Source code for textdescriptives.components.quality_data_classes

"""Data classes used for the quality component."""

from typing import Any, Dict, Optional, Tuple, Union

from pydantic import ConfigDict, BaseModel, Field

Interval = Tuple[Optional[float], Optional[float]]


[docs]class ThresholdsOutput(BaseModel):
    """An output which contains an three items. 1) a thresholds which is either
    an interval or a accepted boolean value. 2) a value which is the value of
    the metric. 3) a boolean which is True if the value is within the
    thresholds.

    Example:
        >>> t_out = ThresholdsOutput(threshold=(0, 2), value=2)
        >>> t_out
        ThresholdsOutput(value=2.0, passed=True, threshold=(0.0, 2.0))
        >>> t_out.passed
        True
    """

    model_config = ConfigDict(extra="forbid")
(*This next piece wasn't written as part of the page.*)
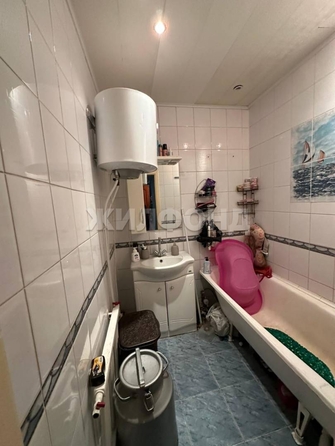 
   Продам дом, 64.1 м², Мирный

. Фото 16.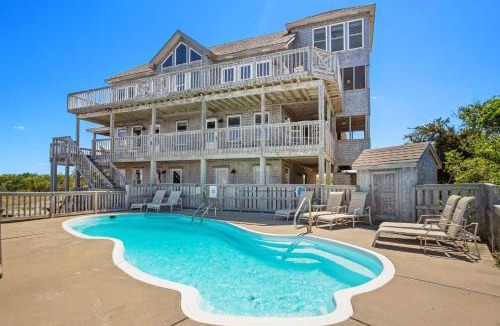 Frisco House | 8650 - Mare Vista Retreat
    threshold: Union[Interval, bool, None]
    value: Union[float, None]

    @property
    def passed(self) -> Optional[bool]:
        """Return True if the value is within the thresholds."""
        if self.value is None:
            return None
        if self.threshold is None:
            return True
        if isinstance(self.threshold, bool):
            return self.threshold == self.value
        lower, upper = self.threshold
        return (lower is None or lower <= self.value) and (
            upper is None or self.value <= upper
        )

    def __repr_str__(self, join_str: str) -> str:
        value = round(self.value, 2) if isinstance(self.value, float) else self.value
        return join_str.join(
            repr(v) if a is None else f"{a}={v!r}"
            for a, v in [
                ("value", value),
                ("passed", self.passed),
                ("threshold", self.threshold),
            ]
        )

    def __eq__(self, other: Any) -> bool:
        if isinstance(other, ThresholdsOutput):
            return self.value == other.value and self.threshold == other.threshold
        return self.value == other


[docs]class QualityThresholds(BaseModel):
    """Thresholds for quality metrics."""

    model_config = ConfigDict(extra="forbid")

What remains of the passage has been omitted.